Derweil bekräftigte der Generalsekretär der EU-Ausschüsse der
Bauernverbände (
COPA) und ländlichen Genossenschaften (COGECA),
Pekka Pesonen, seine Kritik an den geplanten EU-Agrarhaushaltskürzungen. Erneut wies der Finne darauf hin, dass die Landwirte ohnehin nur 40 % des durchschnittlichen Einkommens in der EU erzielten. Daher sei eine Kürzung des Agraretats „inakzeptabel“. Hiervon wären zudem auch und gerade die
Agrarumweltprogramme betroffen, gab
Pesonen zu bedenken.
Wortbruch von Hogan?Ariel
Brunner von Birdlife International übte indes scharfe Kritik an dem Vorhaben, mindestens 60 % der gesamten GAP-Mittel für die
Erste Säule bereitzustellen. Brunner sieht angesichts einer aus seiner Sicht „notwendigen“ stärkeren Unterstützung umweltpolitischer Maßnahmen keinerlei Rechtfertigung dafür.

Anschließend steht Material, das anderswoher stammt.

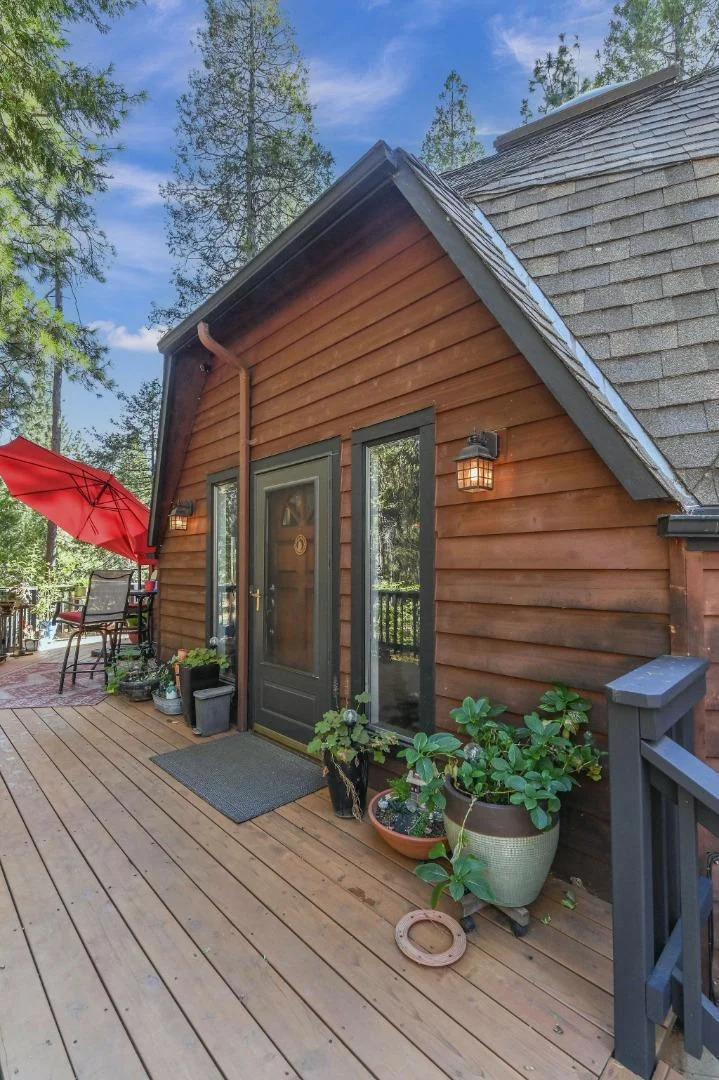 Photo 2 of 20175 E Pine Drive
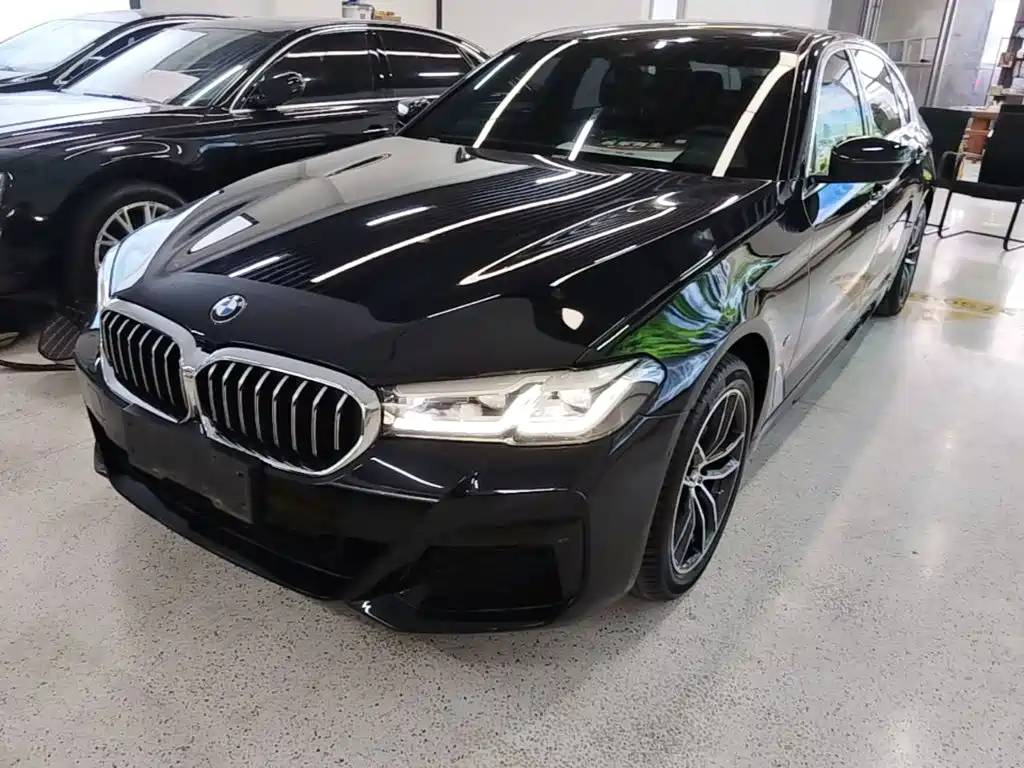 BMW 5 Series 2023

Agrarkommissar Hogan warf er Wortbruch vor. Laut Berechnungen des Naturschutzbundes Deutschlands (NABU) würden bei einer solchen Festlegung 80 % weniger Finanzmittel als bisher für Natur- und Umweltprogramme zur Verfügung stehen. NABU-Bundesgeschäftsführer Leif Miller sieht mit einer solchen Vorgehensweise den Weg in die „Sackgasse für Landwirte und Umwelt“ endgültig zementiert.
Von Bundeslandwirtschaftsministerin Julia Klöckner erwartet der
NABU jetzt klaren Widerstand gegen diese Kommissionspläne. Wenn Klöckner die Insekten für systemrelevant halte, müsse sie 15 Mrd. Euro pro Jahr für den
Naturschutz in die
GAP verhandeln, so Miller. Das wäre auch für die Landwirte ein Gewinn, denn sie könnten verlässlich und attraktiv für ihre Naturschutzleistungen bezahlt werden.